Homemade Doenjang Blend — Quick and Surprisingly Good

If you have a few pantry staples, you can fake doenjang well enough for most recipes. Here's the blend I use:

  • 2 tablespoons red or white miso
  • 1 teaspoon soy sauce
  • ½ teaspoon anchovy paste or fish sauce (optional, but adds depth)
  • A tiny pinch of sugar

Mix everything together and use it wherever the recipe calls for doenjang. This blend works especially well in doenjang-jjigae and soups where the paste gets diluted into broth anyway.

The anchovy paste or fish sauce adds a layer of savory complexity that plain miso doesn't have. If you're keeping it vegetarian, skip that part and add a bit of mushroom powder instead.

What Doesn't Work

A few things I've seen recommended online that I'd steer you away from:

  • Tahini: Some sites suggest tahini as a doenjang substitute. Please don't. Tahini is sesame paste — it tastes nothing like fermented soybeans. Different universe entirely.
  • Peanut butter: Same category as tahini. Not even close.
  • Regular soy sauce alone: Soy sauce adds salt and some umami, but it completely misses the thick, chunky texture and fermented funk of doenjang. It's a last-resort addition, not a substitute.

How to Choose Based on Your Dish

Here's a quick guide:

  • Doenjang-jjigae or doenjangguk: Red miso, 1:1. This is the easiest swap because the broth, tofu, and vegetables carry a lot of the flavor.
  • Ssam-jang (dipping sauce): Homemade blend with red miso + soy sauce + a touch of gochujang. You need that extra punch since you're eating it straight.
  • Marinades (like bossam): Red miso works great here. The fermented flavor melds into the meat during cooking.
  • Light soups (kongnamul-guk style): White miso is fine since the soup is delicate anyway.

Where to Actually Buy Doenjang

If you want the real thing, H Mart and most Korean grocery stores carry multiple brands. Sempio and Chungjungone are reliable everyday options. On Amazon, you can find both brands with Prime shipping — just check the expiration dates since fermented pastes do vary in freshness.

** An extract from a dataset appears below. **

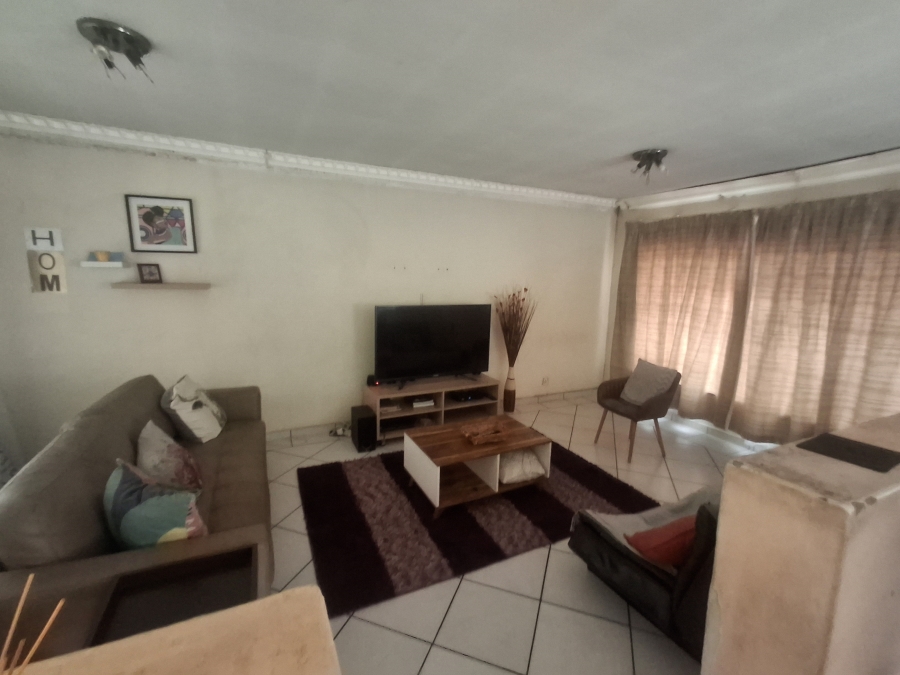 3 Bedroom Property for Sale in Riamar Park Gauteng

Doenjang keeps for months in the fridge once opened, so it's worth buying a tub even if you only cook Korean food occasionally. A 500g container will last you through dozens of recipes.

Bottom Line

Red miso is your best bet. If you cook Korean food regularly, it's worth keeping both doenjang and red miso in your fridge — they're similar enough to swap in emergencies but different enough that each brings something unique to the table. And if you're in a real bind, that homemade blend with miso, soy sauce, and a bit of anchovy paste will carry you through just about any recipe without anyone noticing.